As reported here, ChoicePoint, Inc., one of the nation’s largest data brokers, has agreed to strengthened data security requirements to settle Federal Trade Commission charges that the company failed to implement a comprehensive information security program protecting consumers’ sensitive information, as required by a previous court order.
As a result of the security failure, there was a data breach last year that exposed Social Security numbers and other personal information. But whether the breach was due to the actions of a former ChoicePoint government customer failing to secure its login credentials or the failure of ChoicePoint to adequately monitor for suspicious access to the database — or both — depends on whose version you believe.
According to the FTC, ChoicePoint switched off an internal electronic monitoring system that would have alerted them to unauthorized activity. The FTC alleges that the safety system was inactive for a period of four months, during which time unauthorized individuals used stolen credentials to look up personal information on 13,750 people. ChoicePoint’s statement indicates that
…. a former ChoicePoint government customer failed to properly safeguard one of its user IDs. The former government customer’s failure to properly safeguard its user ID and password resulted in unauthorized access to a ChoicePoint database through ChoicePoint’s AutoTrack XP product from August 8, 2008 to September 8, 2008.
but the company denies the FTC’s allegation that not detecting the former government customer’s inappropriate access was inconsistent with ChoicePoint’s obligations under the original Final Order.
Under the agreed-upon modified court order, filed on the FTC’s behalf by the Department of Justice, ChoicePoint is required to report to the FTC – every two months for two years – detailed information about how it is protecting the breached database and certain other databases and records containing personal information.
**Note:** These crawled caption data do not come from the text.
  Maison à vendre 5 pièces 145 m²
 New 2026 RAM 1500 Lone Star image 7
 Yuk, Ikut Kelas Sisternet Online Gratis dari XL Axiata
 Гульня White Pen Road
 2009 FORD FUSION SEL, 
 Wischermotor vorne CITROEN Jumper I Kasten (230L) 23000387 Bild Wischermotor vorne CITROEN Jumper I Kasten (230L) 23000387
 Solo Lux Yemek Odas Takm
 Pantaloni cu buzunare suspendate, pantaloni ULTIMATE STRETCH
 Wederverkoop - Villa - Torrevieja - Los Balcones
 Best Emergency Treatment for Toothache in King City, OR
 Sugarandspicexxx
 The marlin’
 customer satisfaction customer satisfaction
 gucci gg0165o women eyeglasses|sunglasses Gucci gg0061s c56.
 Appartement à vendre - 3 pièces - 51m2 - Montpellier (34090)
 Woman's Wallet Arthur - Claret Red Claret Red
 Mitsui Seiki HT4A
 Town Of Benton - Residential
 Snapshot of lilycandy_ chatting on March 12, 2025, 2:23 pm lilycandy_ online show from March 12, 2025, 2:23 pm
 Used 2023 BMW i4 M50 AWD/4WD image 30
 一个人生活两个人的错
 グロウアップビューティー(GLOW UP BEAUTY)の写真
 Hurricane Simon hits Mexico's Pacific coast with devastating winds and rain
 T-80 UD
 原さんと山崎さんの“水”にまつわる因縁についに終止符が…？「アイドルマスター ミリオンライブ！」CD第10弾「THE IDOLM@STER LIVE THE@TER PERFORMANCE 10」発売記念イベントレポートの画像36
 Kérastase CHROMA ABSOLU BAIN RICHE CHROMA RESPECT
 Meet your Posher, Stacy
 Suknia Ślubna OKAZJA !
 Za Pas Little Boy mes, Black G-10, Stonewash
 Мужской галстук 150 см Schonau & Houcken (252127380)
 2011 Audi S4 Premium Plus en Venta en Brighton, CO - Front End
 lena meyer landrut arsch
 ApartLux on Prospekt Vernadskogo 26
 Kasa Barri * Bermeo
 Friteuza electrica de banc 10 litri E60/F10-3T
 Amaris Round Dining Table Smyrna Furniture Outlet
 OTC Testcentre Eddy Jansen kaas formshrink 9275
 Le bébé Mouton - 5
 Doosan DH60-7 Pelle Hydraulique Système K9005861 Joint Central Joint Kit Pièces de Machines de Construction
The FTC’s prior action against ChoicePoint involved a data breach in 2005, which compromised the personal information of more than 163,000 consumers and resulted in at least 800 cases of identity theft. The settlement and resulting 2006 court order in that case required the company to pay $10 million in civil penalties and $5 million in consumer redress. The company also agreed to maintain procedures to ensure that sensitive consumer reports were provided only to legitimate businesses for lawful purposes; to maintain a comprehensive data security program; and to obtain independent assessments of its data security program every other year until 2026. The new court order extends the record-keeping and monitoring requirements of the 2006 order, and gives the FTC the right to request up to two additional biennial assessments of ChoicePoint’s overall data security program.